I have purple heart shelves.. if it is finished with oil, it turns dark like teak and it loses its purple.. I used water based sealer, it stayed purple..I use coconut oil which is a good polish…
I just needed to know how to do a “touch-up,” you squeezed it in right at someone’s bitter end (5:39 – 6:00). Thank you, this video was a blast! Certainly added perspective towards of the slew of similar negative comments, overwhelmed with anger at their ‘finished’ results (a lot of ‘wood never drying, and rancid gassy fumes’ 🫣😬).

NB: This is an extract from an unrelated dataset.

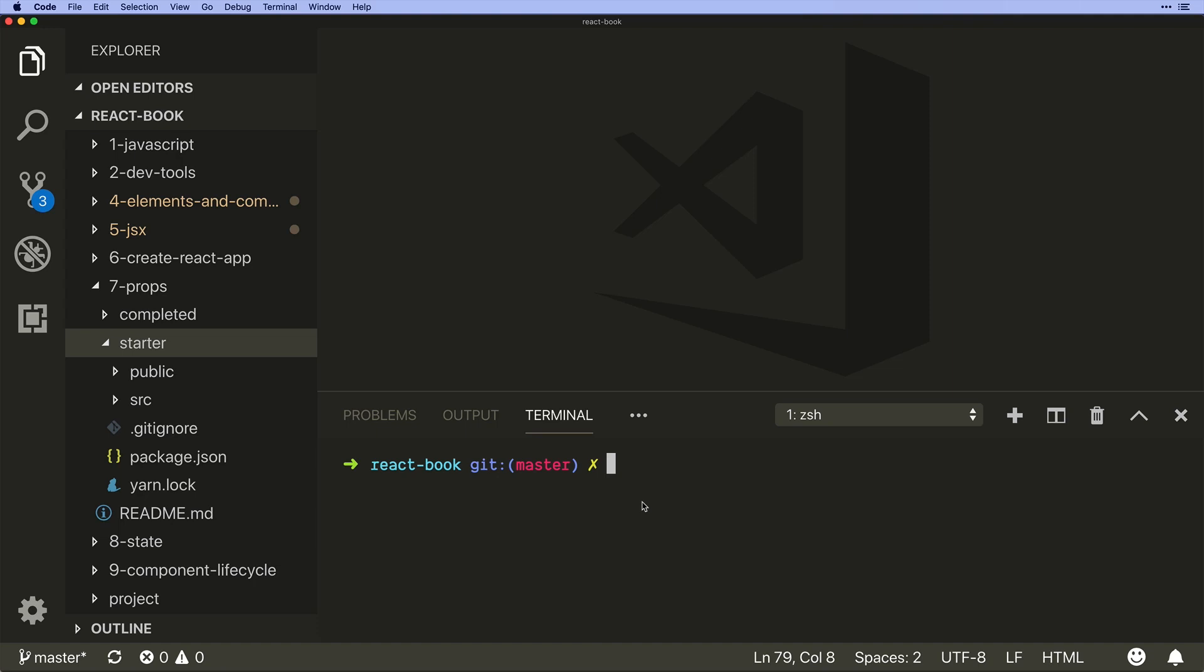Welcome! In this video we are going to start learning about props. Props are super important in React because they are the fundamental way in which information gets passed from one component down into another.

While others ‘finished’ splendidly.
See ya!
Well, going to watch the ‘sanding tutorial’ first.
Can I stain the wood with Minwax wood stain before using the linseed oil/wax mixture?
All those planes behind you and you’re talking about sanding a surface for finish?!
Thanks very much!
I have made quick water resistant finishes by rubbing the wood with paraffin wax (from a block or plain white candle) then going over it with a heat gun. The wax melts and immediately sinks into the wood.
Help please? My entire workshop is outside, exposed to the elements, though I put a tarp over everything for winter. My new bench has been sanded, and now needs protection. I’m not too bothered about appearance, but the weather, and knocks, are my main concern Which coating should I choose, please?
I use those but I have a thing for laquer. Been around a long time too. So attractive to me. True the oil finish can let you feel the wood.
Curious as to why you don’t recommend pure Tung Oil instead of BLO? I believe you can mix it for various lustres and as I understand it will cure harder than BLO, leaving a more durable and waterproof finish.